The bike followed my exact path to yoga, turning down my side street and pulled over – in my usual park, no less. Just when I was about to drive past and give him the biggest stink eye I could muster, he removed his helmet and all of my anger melted away. I looked at this man, and my frustration suddenly turned to feelings of gladness, gratitude and peace. I did not know this man, he looked old enough to have been around when the Bhagavad Gita was originally transcribed, leathered and wrinkled with a proud smile on his face of the fact that he had just successfully ridden his motorcycle through the streets. This man was just starting, just learning, and absorbing the feel of the bike, the sensations of riding on the road.
It then became clear to me that I too, was a learner.
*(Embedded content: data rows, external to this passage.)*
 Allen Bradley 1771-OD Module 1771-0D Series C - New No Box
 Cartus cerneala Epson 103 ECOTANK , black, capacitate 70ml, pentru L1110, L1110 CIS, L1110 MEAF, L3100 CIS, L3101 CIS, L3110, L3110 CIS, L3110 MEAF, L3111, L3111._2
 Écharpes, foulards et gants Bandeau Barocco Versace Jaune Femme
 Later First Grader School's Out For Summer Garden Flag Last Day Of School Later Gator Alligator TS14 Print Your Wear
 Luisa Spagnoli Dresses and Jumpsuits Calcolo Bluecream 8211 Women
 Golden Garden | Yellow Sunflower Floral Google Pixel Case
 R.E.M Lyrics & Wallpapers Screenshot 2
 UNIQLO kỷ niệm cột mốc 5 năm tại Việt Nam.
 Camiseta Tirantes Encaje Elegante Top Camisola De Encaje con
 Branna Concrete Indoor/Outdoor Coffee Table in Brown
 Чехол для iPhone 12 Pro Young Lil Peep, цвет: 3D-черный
I had assumed that just because my physical practice was developing and each asana was gradually improving that was perhaps now a ‘provisional’ yogini. On this day, I learned more before my practice than anything, that whilst I was physically improving, my spiritual practice needed the strengthening. For what is yoga without a deep set of spiritual asana -- where I come to know myself, my strengths, my weaknesses, and accept the good with the bad, acknowledging where I need to improve and develop within myself. To see the fellow learners around me, and assist them in any way that I can -- through advice, encouragement or maybe even a friendly smile.
So, instead of my prepared glare, I smiled at the man, and gave him a nod of gratitude for teaching me the most important lesson of all – we are all learners.
… And yes, I even made it to my class in time.